Wednesday, October 15, 2008
Regarding Mark Ronson’s cover of “Stop Me If You Think That You’ve Heard This One Before” by the Smiths.
Well, I was blind-sided.
In my gentle naiveté, I just took it for granted that anyone who 'got' The Smiths, and in particular appreciated this song as an example of Morrisey and Marr at the top of their game wouldn’t be capable of such arrogant, howling horseshit.
Which lead me to some thoughts about Johnny Marr and his pilloried post-Smiths career.
Even by the point of “Stop me…” Morrissey and Marr were still not functioning in the manner of a traditional song writing duo. They never did. Johnny was still sending guitar lines of verses and choruses over which Morrissey would sing his own vocal melodies with lyrics he had been working with, often before hearing any particular music. Sometimes it was the other way around, with Morrissey's lyrics inspiring Johnny's increasingly virtuoso multi-tasking. An early and particularly bewildering example is “How Soon Is Now”. This song would have been, purely technically speaking, a slightly simpler affair these days. But this was a world of pre-MIDI effects and click track software, so the song's syncopated juddering tremolo guitar and drum rhythm was spliced together from multiple takes. Johnny used at least one Boss Tremelo Panning pedal running through several amps. With this pedal, you set the rate of the tremolo effect, and the waveform (in this case a square wave) and depth (in this case as low as possible), hit the guitar and out comes the magickal "judder-du-du-du-du-du-du...." that throws your heart around the room. You try to strum along in the same timing and this can be done with practice, but you must change chords at the right time; that is, to the rhythm of the device, ignoring any natural rhythm you are building up. You can’t listen to yourself. You listen to the pedal’s output, and as an analogue device, the Boss Tremelo/Panning pedal itself goes out of time; it is not a stable mechanism. Mike Joyce, poor sod, had to play along to this and stay completely in sync not with Johnny but with the pedal. Thus, after about 20 or so seconds, they would understandably lose the syncopation and do more takes. Eventually they pretty much got all the parts they needed down on tape. Johnny painstakingly spliced these together, adding countless guitar overlays and effects (I've counted at least seven). Andy Rourke overlaid bass, then they asked Morrissey in to sing. Morrissey was rarely in the studio. He would rarely do more than one vocal take.

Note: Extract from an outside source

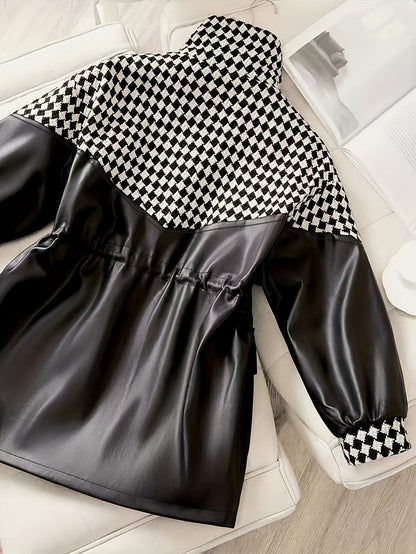 Dames Pluche Jas voor Herfst & Winter – Maribel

The point of this rather technical anecdote is not specifically to demonstrate Marr's genius, though it indeed does. The point lies in the punch line, which I learned from Simon Reynolds' illuminating and importantly revised 2nd edition of 'Songs That Saved Your Life'.
Halfway through this particular session Johnny got a phone call from the van hire company they had been using for their recent shows. They wanted their van back. Now. Johnny drove it back, (for some reason I think it was to Rotherham), then returned to Manchester by coach or train and continued recording. This was completely normal. Marr is and always was a Stoic. Marr managed the band at this point, because Morrissey's instant, arbitrary dismissal of numerous contenders made it impossible to hire a professional. He would express his displeasure not in words but by sulking off, simply disappearing, incommunicado, for days at a time.
People wonder why Johnny never did much of note after the Smiths, whilst Morrissey created some great work, with Steven Street, Vinni Reilly, and especially, since 1992, his Rockabilly gang of Boz Boorer, Alain Whyte et al, who co-wrote the crowning achievement of his post-Smiths career, 'Vauxhall & I'. I say this to these people: Marr wrote nearly 100 songs before he was 24 years of age. He wrote countless masterpieces before he was 21. He ran the band. He managed the band. Morrissey did nothing at all but be Morrissey. We love him; that's what he does. But Johnny Marr did what Johnny Marr did, and what many people fail to consider is that doing Johnny Marr meant managing Morrissey. His work is done. Give the man a break.